Government decision-making over infrastructure must improve, says IfG

30 Jun 17

Government decision-making over infrastructure projects must improve or risk wasting billions of pounds, an Institute for Government report has stated.

The think-tank praised the government for planning to invest £245bn over the next five years in high-quality infrastructure as a means to bolster the economy.

But it warned that government “is not always adept at identifying the best investments”.

The IfG cited projects, such as the controversial Millennium Dome and London Garden Bridge, schemes as examples of poor choices by Whitehall.

In April London mayor Sadiq Khan refused to release any more public funds to support the Garden Bridge scheme, which had already cost taxpayers £60m.

This followed a report earlier in April from Margaret Hodge, which said the £200m project did not offer value for money and the government should scrap it despite already sinking £60m into the idea.

In its What’s wrong with infrastructure? report the IfG argues that poor investment decisions could lock the economy into inappropriate infrastructure systems for many years, with significant harmful effects on future prosperity.

Nick Davies, research manager and report co-author, said: “Britain desperately needs upgrades to its infrastructure.

“But too often projects are given the green-light based on questionable assumptions, a lack of strategy and without learning from past mistakes.

“Government decision-making must improve significantly if we want to reap the benefits of smart infrastructure investment.”

The report warns that picking the wrong infrastructure projects can lead to white elephants – projects that deliver scant economic dividends compared to better alternatives, wasting public money in the process.

In addition it says bad infrastructure decisions are often extremely difficult to undo.

This report comes after the publication of a National Audit Office appraisal of the government’s approach to the Hinkley Point C nuclear power plant project which it deemed as “risky and expensive”.

The IfG listed six reasons why the UK struggles at times with major infrastructure plans.
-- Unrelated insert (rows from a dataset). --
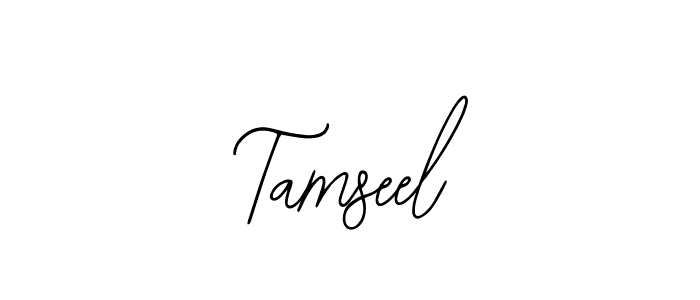 The best way (Bearetta-2O07w) to make a short signature is to pick only two or three words in your name. The name Tamseel include a total of six letters. For converting this name. Tamseel signature style 12 images and pictures png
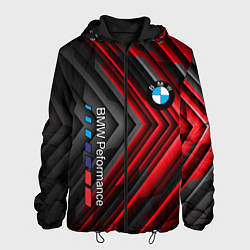 Мужская куртка BMW geometry stripes red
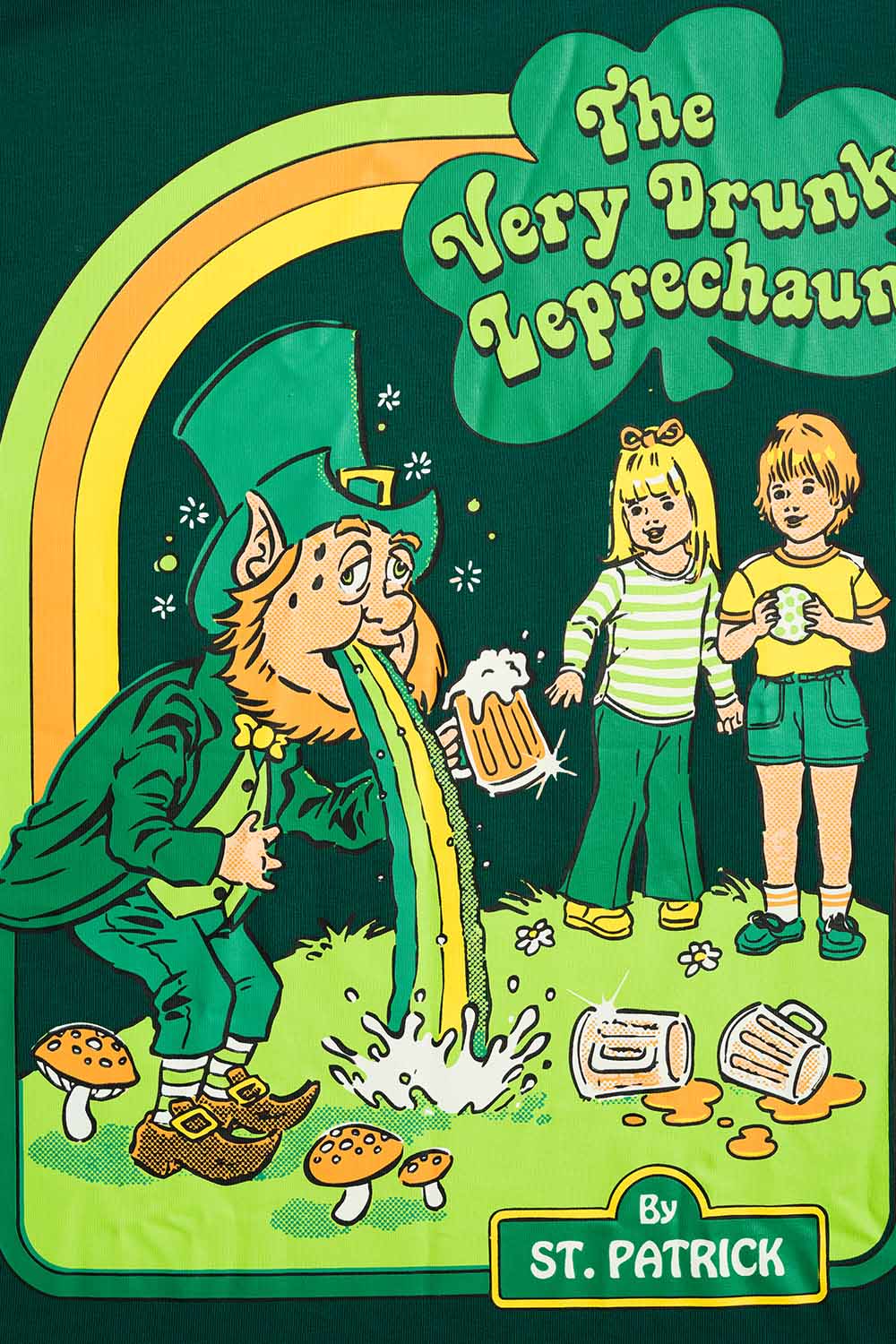 Very Drunk Oversized T-shirt - BonkersCorner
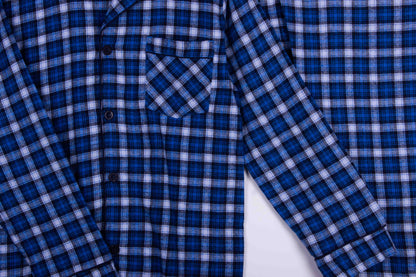 Alpine Blue Check Pajamas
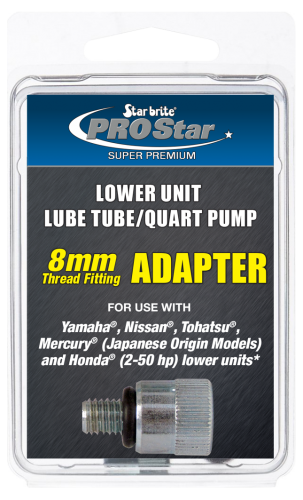 Star brite Adaptor Fitting For Nissan Yamaha Tohatsu Honda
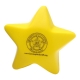 Estrella anti estrés amarilla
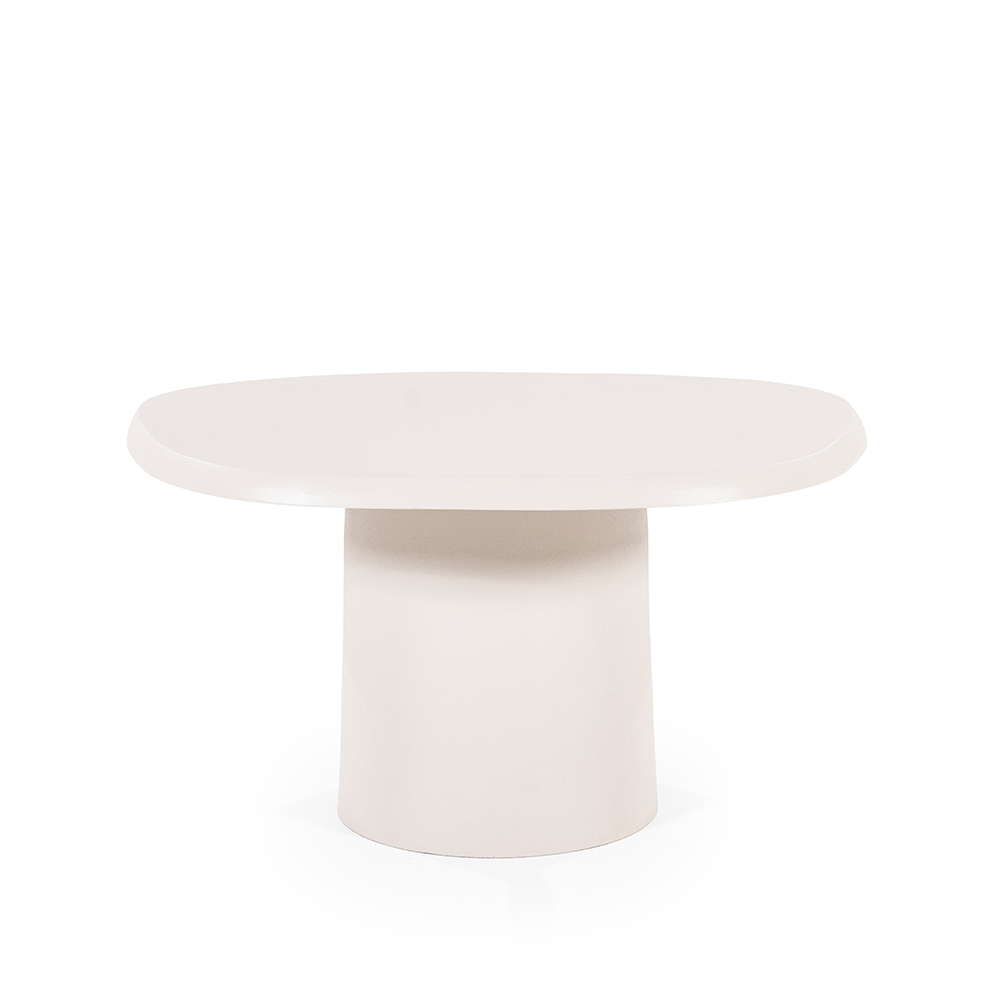Bijzettafel “Ovo” – Wit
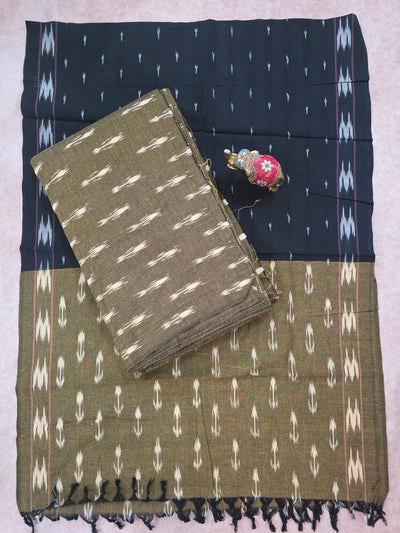 Pochampally ikkat cotton set -WW331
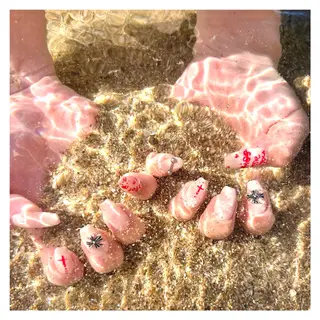 ネイル 原田joieange 心斎橋店のネイルデザイン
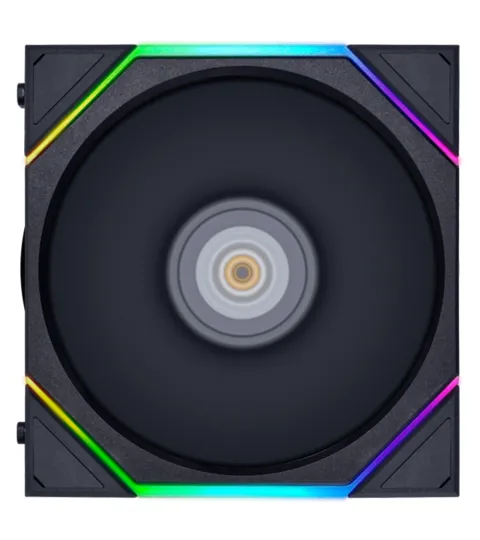 فن کیس لیان لی LIAN LI UNI FAN TL 120 3x1 BLACK - تصویر ۲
  • There is no national strategy for infrastructure investment
  • Government does not devote enough attention to assessing early options
  • The more ambitious the forecast, the more questionable the model
  • Ministers and senior civil servants can fail to understand project risk
  • Government finds it difficult to make decisions which create concentrated losers
  • Inadequate evaluation misses the opportunity to improve future projects.